Exercises: Introduction to Complexity Theory

DataField.Dev

Exercises: Introduction to Complexity Theory

These build from mechanical class-placement warm-ups to full reductions, code, and modeling. Difficulty: ⭐ foundational, ⭐⭐ intermediate, ⭐⭐⭐ challenging. Worked solutions to the starred-with-a-dagger (†) and odd-numbered problems are in the appendix answers-to-selected.md; do them before you peek. Reference implementations for the "implement it" problems live in code/exercise-solutions.py.

A standing reminder for this chapter: the direction of a reduction is the single most error-prone point. Whenever you write $A \le_p B$, say out loud "$A$ is no harder than $B$; $B$ is at least as hard" before moving on.

Part A — Warm-ups: place the problem (⭐)

37.1 † For each decision problem, give a one-line certificate and the verifier's job, then say it is in NP. (a) PARTITION: can a multiset of integers be split into two parts with equal sum? (b) SUBGRAPH ISOMORPHISM: does graph $H$ appear as a subgraph of graph $G$? (c) DOMINATING SET: is there a set of $k$ vertices such that every vertex is in the set or adjacent to it?

37.2 Classify each statement as true or false (no justification yet — just commit): (a) $\text{P} \subseteq \text{NP}$. (b) NP means "not polynomial." (c) Every problem in P is in NP. (d) If a problem is NP-complete, no algorithm can solve it at any speed. (e) The decision version of TSP is in NP.

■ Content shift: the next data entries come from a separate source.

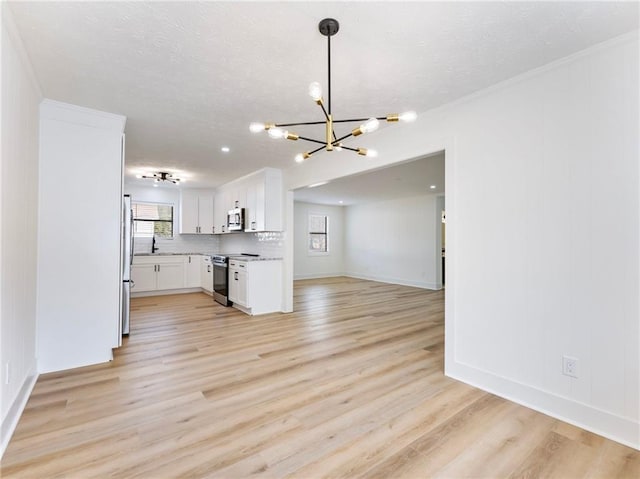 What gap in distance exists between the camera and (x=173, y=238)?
25.0 feet

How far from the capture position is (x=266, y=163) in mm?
5035

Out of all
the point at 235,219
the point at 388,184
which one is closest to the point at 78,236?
the point at 235,219

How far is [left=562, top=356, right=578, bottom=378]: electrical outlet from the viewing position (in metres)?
2.13

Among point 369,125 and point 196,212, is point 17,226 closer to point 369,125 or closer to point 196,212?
point 369,125

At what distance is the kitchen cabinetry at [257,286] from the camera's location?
512 centimetres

37.3 † "Sort a list" is not a decision problem. Phrase two different decision problems related to sorting, and for each, say whether it is in P and why.

37.4 Write the optimization problem "find the largest clique in $G$" as a decision problem with a budget parameter, and explain in one sentence how a fast algorithm for the decision version would let you find the size of the largest clique.

37.5 † State, from memory, the two things you must prove to establish that a problem $B$ is NP-complete, and the direction the reduction must go. (This is the chapter's keystone; if you cannot do it without notes, reread §37.4.)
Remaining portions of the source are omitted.